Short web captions
══════

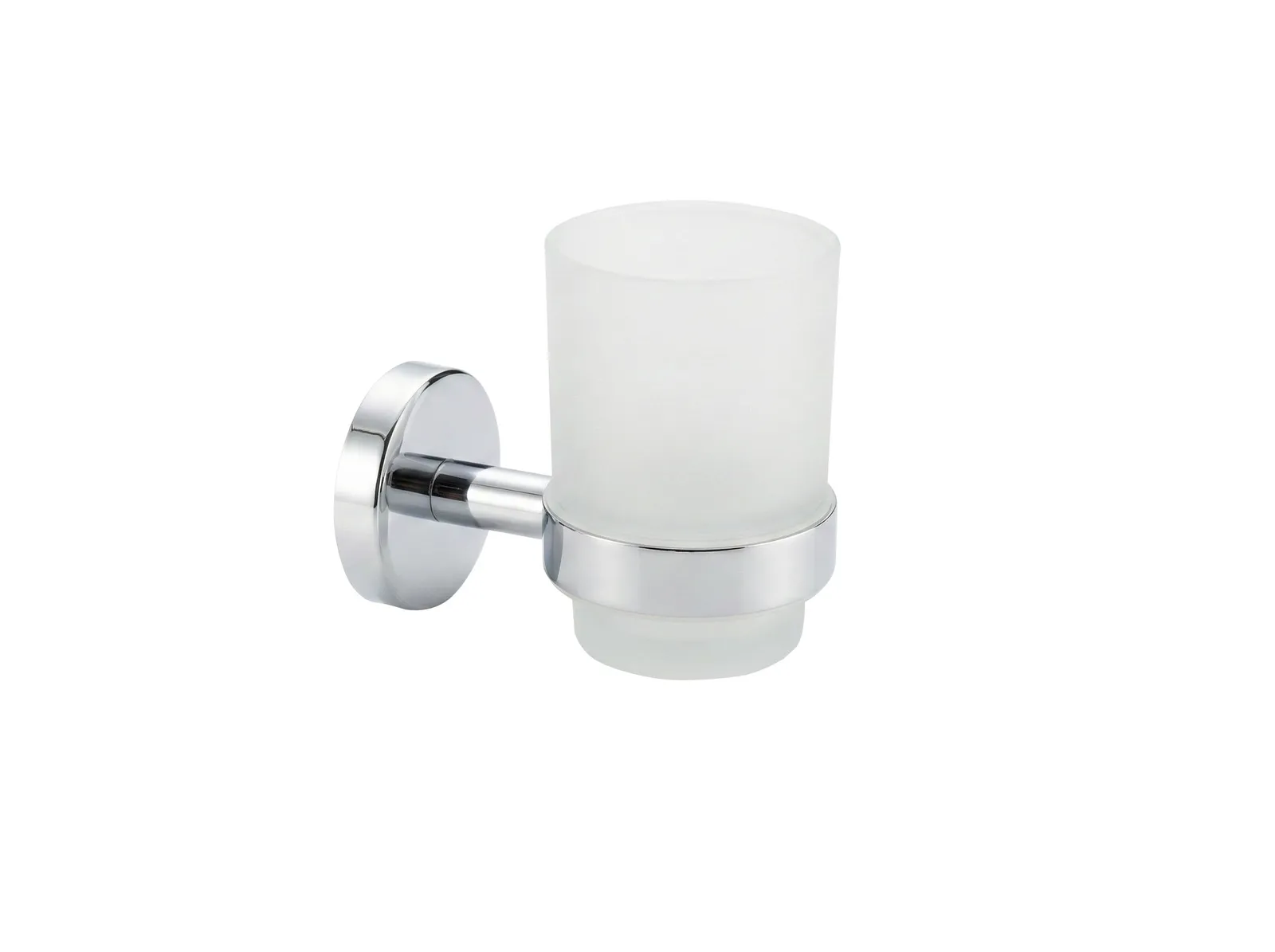 Ozone Tumbler Holder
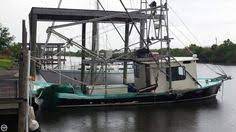 13 Best Commercial Boats Ideas Boats For Sale Boat Yacht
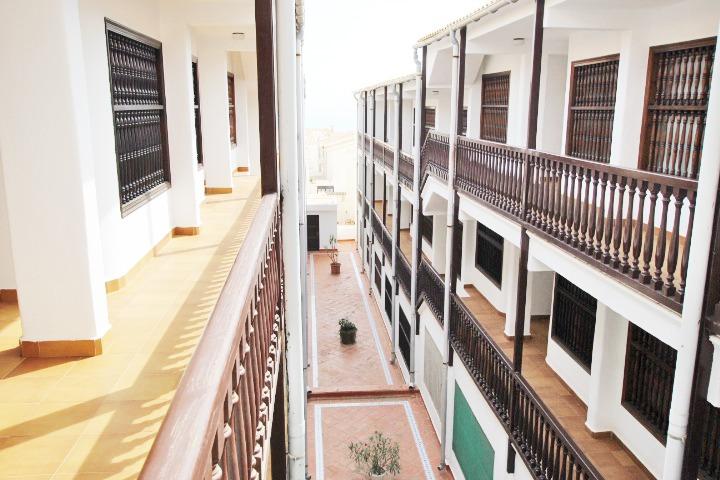 Duplex en venta en Guardamar Del Segura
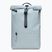 Plecak miejski Rains Rucksack Rolltop 17 l pool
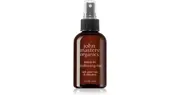 John Masters Organics Green Tea & Calendula Leave-in Spray Conditioner 125 ml
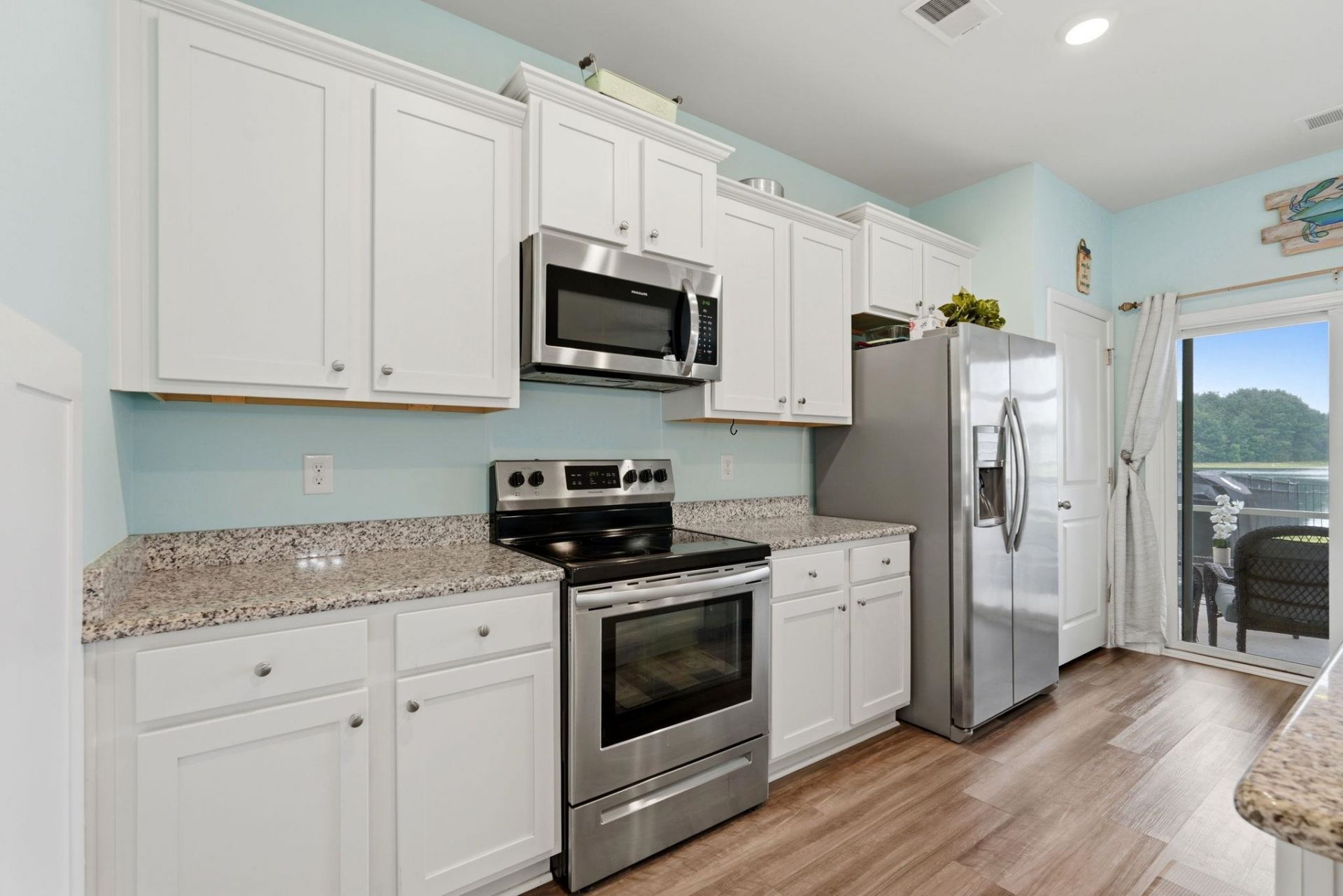 1741 Promise Pl. Photo 9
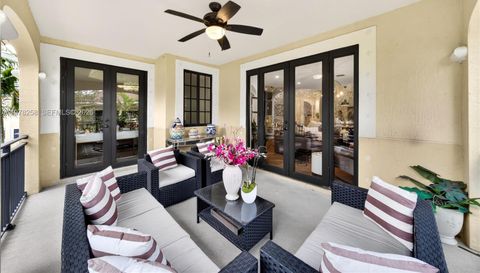 1506 Passion Vine Cir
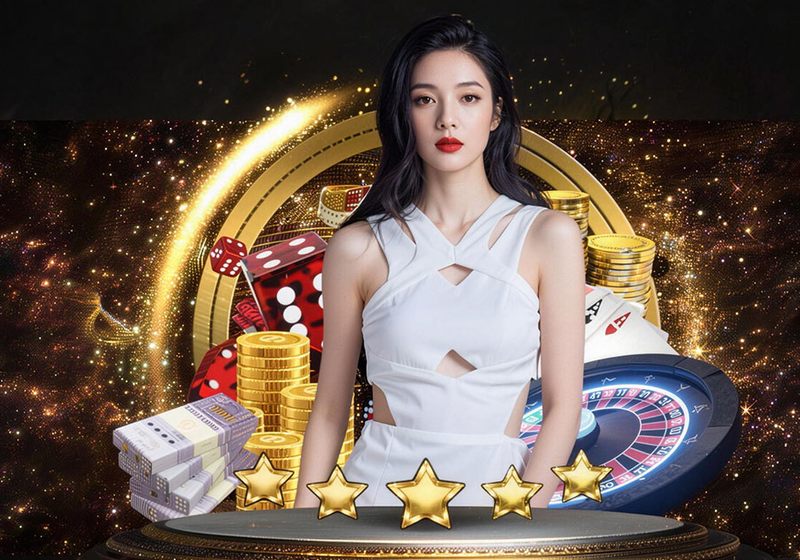 Tìm hiểu sự kiện boss trên màn hình liên quan đến Bắn Cá – KN88
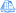 ostekleniespb.ru favicon
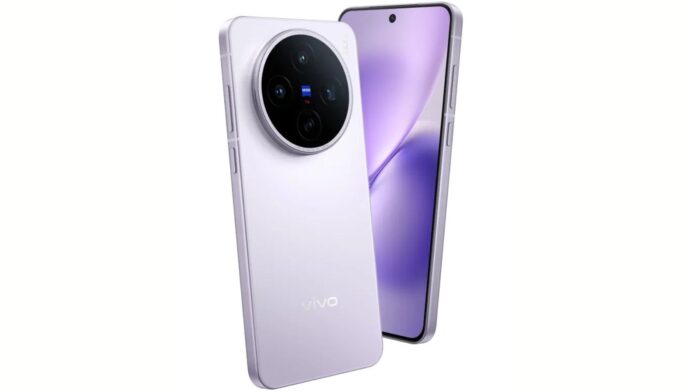 vivo-x200t-data-uscita-0.jpg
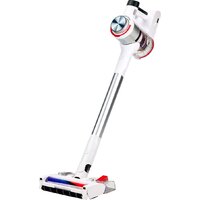 Пылесос Evolution Smart Clean VCF2613UV Wet and Dry - Превью изображения №8 — Интернет-магазин Time-Shop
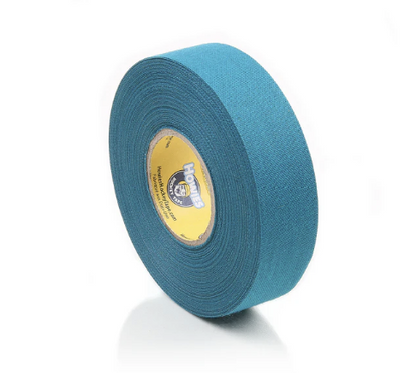 Howies Cloth Hockey Tape
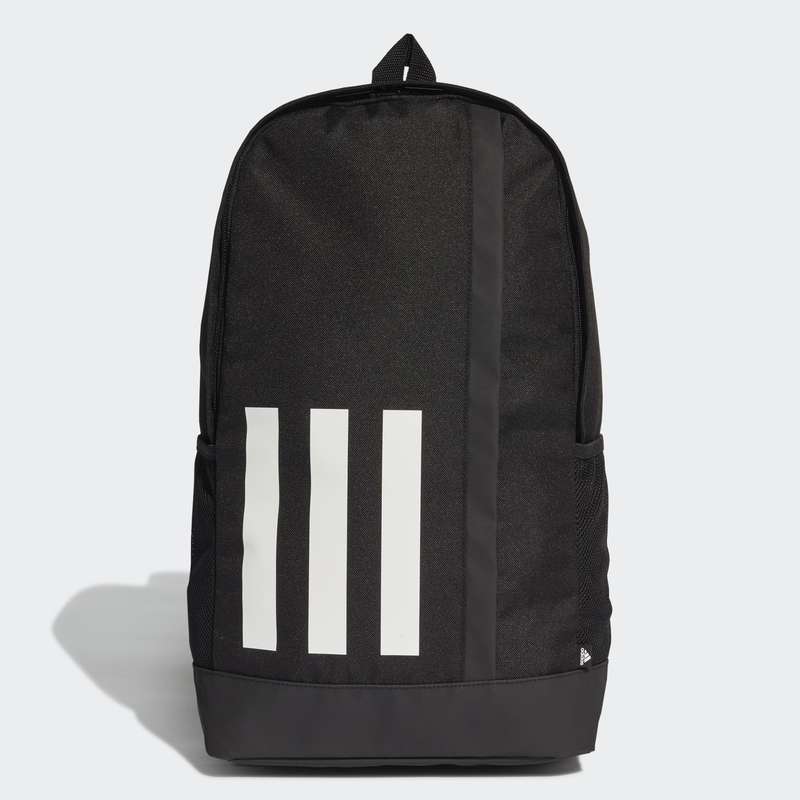 کوله پشتی آدیداس مدل ESSENTIALS 3-STRIPES GN2027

══════

What this task involves:
Retype all entries exactly, without the images.

Result of this task:
 Ozone Tumbler Holder
 13 Best Commercial Boats Ideas Boats For Sale Boat Yacht
 Duplex en venta en Guardamar Del Segura
 Plecak miejski Rains Rucksack Rolltop 17 l pool
 John Masters Organics Green Tea & Calendula Leave-in Spray Conditioner 125 ml
 1741 Promise Pl. Photo 9
 1506 Passion Vine Cir
 Tìm hiểu sự kiện boss trên màn hình liên quan đến Bắn Cá – KN88
 ostekleniespb.ru favicon
 vivo-x200t-data-uscita-0.jpg
 Пылесос Evolution Smart Clean VCF2613UV Wet and Dry - Превью изображения №8 — Интернет-магазин Time-Shop
 Howies Cloth Hockey Tape
 کوله پشتی آدیداس مدل ESSENTIALS 3-STRIPES GN2027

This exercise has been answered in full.